Глава двадцать первая
Штрихи к портрету
На счет яда Виктор блефовал: не было у него ничего подобного и быть не могло. Просто потому, что отрава с такими свойствами – что-то из области фантастики, продукт химического производства, может быть. А у Хранителя было только то, что ему давала Ботаничка: стебли, листья, корни. И все это – от обычных растений, которые когда-то в изобилии высаживались на клумбах, цвели в полях, на болотах, украшали окошки квартир и офисов: олеандр, красавец дельфиниум. Лютик! Скромный, обыкновенный лютик! Цикута… Сколько ее растет по болотам и прудам? Про то, что ее ядом отравили Сократа, каждый шестиклассник в курсе. Только не каждый учитель знал: белые зонтики цветов на ближайшем пруду – та самая легендарная цикута.
На яды Хранителя «подсадил» Пинцет.
– Туки-туки. Привет, бездельник.
– И я тебя просто обожаю. С чем пожаловал, эскулап недоделанный?
– Я-то как раз доделанный. Просто криворукий. Дело есть. Вернее, предложение. Тебе понравится.
– Посмотрим. Выкладывай.
– Про гомеопатию слышал что?
– Издалека начал, значит. Положим. И?
– Что «и»? С лекарствами дефицит, ты сам в курсе. На травках далеко не уедешь. И я что подумал…
– Что моя фамилия Борджиа, а зовут меня Цезарь[4], угадал?
– Дурак ты. Я тебе идею подкидываю, отличную, между прочим! Оборудование есть, сырья – навалом. Литературу тебе натаскают, только скажи. А любой яд в малых дозах – то же лекарство.
– Заманчиво. А испытывать на ком все это будем? На кроликах? Или ты мне в туннелях крыс наловишь?
– Да ни на ком! Все уже давно описано, а дозировку я уж сам подберу! Не ошибусь, не бойся. А если что, и бизнес можно замутить, а?..
Раскаяние – это не про Хранителя. Другое дело сожаление. И то не от совершенного.

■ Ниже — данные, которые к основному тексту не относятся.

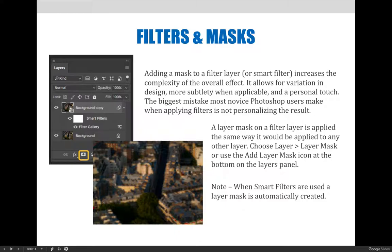By not personalizing the filter, the result looks generic and stock. It doesn't come across like you're a designer who knows how to use Photoshop. Instead, it comes across like you're someone who just opened Photoshop and hit the filter button. A layer mask on a filter layer is applied the same way it would be applied to any other layer. You can choose the layer menu and then choose layer mask, or use the add layer mask icon at the bottom of the layers panel.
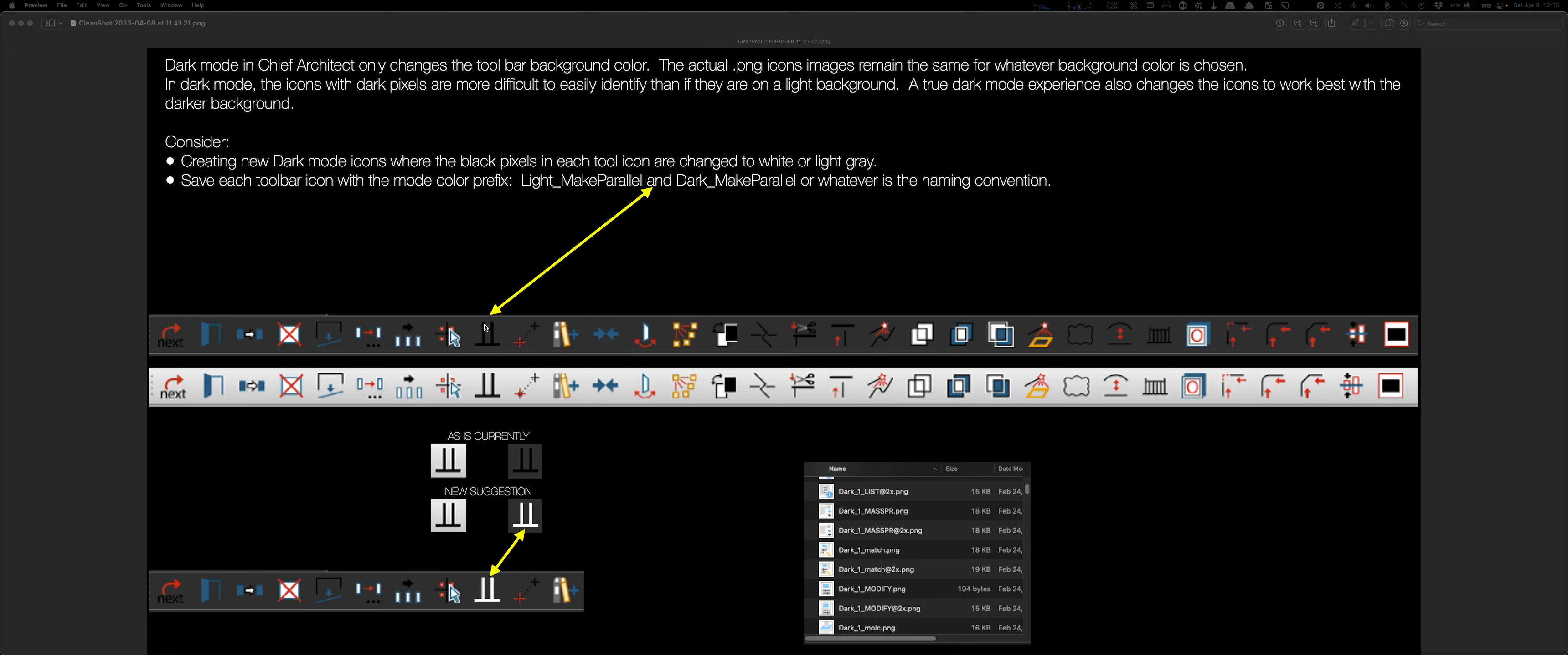or correction, tool icons, that have black pixels, need to have the opposite.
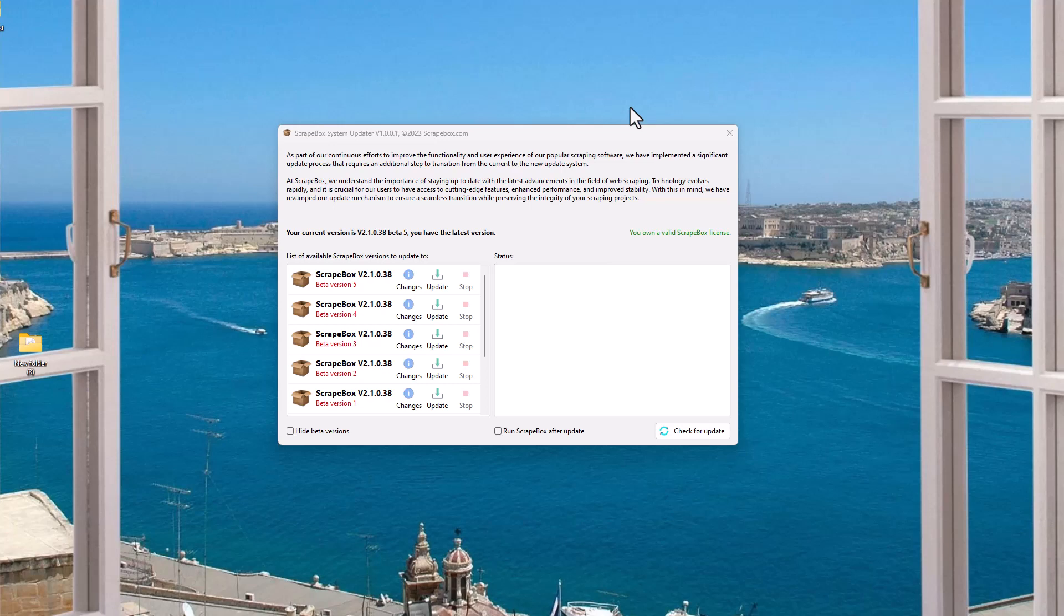The all new Scrapebox Updater, what it means for you, how it can help you, and what you can do with it. That's what we're going to talk about in this video.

Просто Виктору иногда не хватало Люськи. Не секса с ней, хотя и тут ее никто пока не превзошел. Перчинки в отношениях, острого язычка, светлой головушки – вот чего он своими же руками себя лишил. С Люськой точно бы не пришлось скучать, это не пресная дурочка Лиза. Иногда он даже радовался, что Принцесса избавила его от оков Гименея: тело, хоть и молодое, свежее, все равно бы надоело; потом это тело вообще бы состарилось, обрюзгло и, господи помилуй, растолстело. И что тогда в сухом остатке? Собачья преданность? Обрыдла бы ему уже через пару лет. Вот и получается, что вся жизнь – псу под хвост. Ради сомнительной перспективы породниться с начальником и гарантированного, законного траха. Неравноценный обмен.